|West Virginia’s Elite Eleven|
|No. 9, 2007 (11-2)|
|No. 11, 2005 (11-1)|
|No. 3, 1993 (11-1)|
|No. 7, 1988 (11-1)|
|No. 10, 1982 (9-3)|
|No. 12, 1954 (8-1)|
|No. 10, 1953 (8-2)|
|No. 9, 1925 (8-1)|
|No. 7, 1924 (8-1)|
|No. 9, 1923 (7-1-1)|
|No. 8, 1922 (10-0-1)|
MORGANTOWN, W.Va. – Leave it to the Signal Caller to glaze our eyes over with some summertime math and a Roger Bruns counterfactual history reference!
Yesterday, our Jed Drenning sorted through all of the College Football Playoff, BCS, Bowl Coalition and Associated Press polls dating back to 1936 to come up with the West Virginia teams good enough to qualify for a 12-team College Football Playoff, which is under discussion in Chicago right now by the College Football Playoff management committee.
For a quick refresher, the proposed format includes the six highest-ranked conference champions, plus the next six-highest ranked teams, with the top four conference champs receiving first-round byes.
Teams ranked five through eight would host first-round playoff games, meaning No. 5 would face No. 12, No. 6 would meet No. 11 and so on.
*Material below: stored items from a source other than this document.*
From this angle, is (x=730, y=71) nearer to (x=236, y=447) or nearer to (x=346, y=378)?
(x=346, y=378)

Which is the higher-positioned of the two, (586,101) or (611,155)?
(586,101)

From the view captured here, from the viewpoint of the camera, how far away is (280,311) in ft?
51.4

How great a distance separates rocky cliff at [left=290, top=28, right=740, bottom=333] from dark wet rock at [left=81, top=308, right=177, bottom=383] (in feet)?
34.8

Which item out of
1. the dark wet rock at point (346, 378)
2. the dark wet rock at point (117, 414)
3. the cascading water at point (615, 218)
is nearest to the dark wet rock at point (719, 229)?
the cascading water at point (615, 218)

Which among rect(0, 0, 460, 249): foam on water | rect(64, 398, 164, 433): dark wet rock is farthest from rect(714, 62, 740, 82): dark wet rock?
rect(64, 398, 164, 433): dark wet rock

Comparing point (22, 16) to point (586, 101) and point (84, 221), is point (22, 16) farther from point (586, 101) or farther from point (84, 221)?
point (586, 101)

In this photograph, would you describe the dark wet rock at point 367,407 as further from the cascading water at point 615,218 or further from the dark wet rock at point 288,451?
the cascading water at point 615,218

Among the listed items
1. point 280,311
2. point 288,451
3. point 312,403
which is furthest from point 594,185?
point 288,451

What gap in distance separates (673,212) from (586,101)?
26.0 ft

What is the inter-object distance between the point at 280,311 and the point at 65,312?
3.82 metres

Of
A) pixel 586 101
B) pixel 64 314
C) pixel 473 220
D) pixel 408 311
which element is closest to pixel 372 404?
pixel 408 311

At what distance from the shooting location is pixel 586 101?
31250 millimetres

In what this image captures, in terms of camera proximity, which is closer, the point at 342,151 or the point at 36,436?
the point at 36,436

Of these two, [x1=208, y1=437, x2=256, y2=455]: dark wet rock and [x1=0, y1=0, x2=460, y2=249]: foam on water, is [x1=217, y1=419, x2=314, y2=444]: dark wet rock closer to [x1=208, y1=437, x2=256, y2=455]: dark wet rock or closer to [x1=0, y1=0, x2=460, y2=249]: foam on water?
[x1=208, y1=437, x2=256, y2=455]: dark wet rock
Based on the Signal Caller’s summer ciphering, since 1936, West Virginia would have had seven teams qualify for the playoffs – all of them occurring from 1953 on. Jed had Pappy Lewis’ 1953 and 1954 squads playoff bound, as well as Don Nehlen’s 1982, 1988 and 1993 teams.
Rich Rodriguez’s two best ball clubs in 2005 and 2007 would have also made a 12-team College Football Playoff.
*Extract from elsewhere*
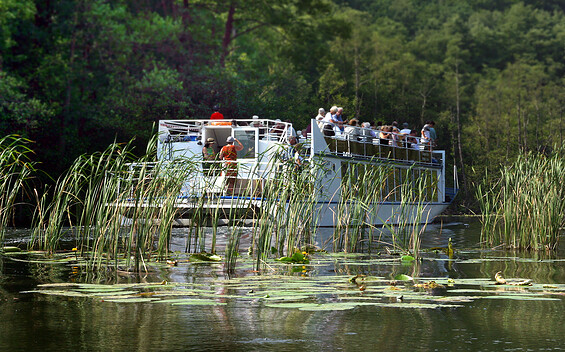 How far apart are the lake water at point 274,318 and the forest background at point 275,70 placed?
26.8ft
In the Close-But-No-Cigar category were Rich’s 2006 and 2002 teams, plus Bill Stewart’s 2009 squad. Actually, you could also add Lewis’ 1955 team in there as well. The Mountaineers feasted on a weak schedule to get to No. 6 in the Nov. 7 AP poll before getting blown out at Pitt, 26-7.
That’s the game when the Sugar Bowl selection committee flew to Pittsburgh to scout West Virginia and ended up taking the Panthers instead. Near the end of the game, when fullback Joe Marconi had to weave through some inebriated Pitt fans to score WVU’s only touchdown, referee John H. Coles awarded the Mountaineers the extra point in order to get the two teams safely off the field.
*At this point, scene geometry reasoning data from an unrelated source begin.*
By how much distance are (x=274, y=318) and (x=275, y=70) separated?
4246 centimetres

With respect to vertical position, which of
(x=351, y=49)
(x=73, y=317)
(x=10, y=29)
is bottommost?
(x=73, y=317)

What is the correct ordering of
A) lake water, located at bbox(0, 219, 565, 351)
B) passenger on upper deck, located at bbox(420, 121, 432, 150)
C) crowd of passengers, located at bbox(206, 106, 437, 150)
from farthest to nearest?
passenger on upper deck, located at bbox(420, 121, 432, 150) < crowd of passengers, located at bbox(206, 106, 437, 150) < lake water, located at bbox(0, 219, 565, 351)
Pitt assistant coach Steve Petro was enraged with Coles’ decision because he didn’t want to concede the point, which illustrates just how much these two teams hated each other back then.
From the late 1920s, after Clarence Spears left West Virginia for Minnesota, until Lewis in the early 1950s, there were some very lean years on the gridiron for the Mountaineers. The 1948 and 1937 teams were Sun Bowl champions, but neither were respected enough by national sportswriters to earn top 20 consideration.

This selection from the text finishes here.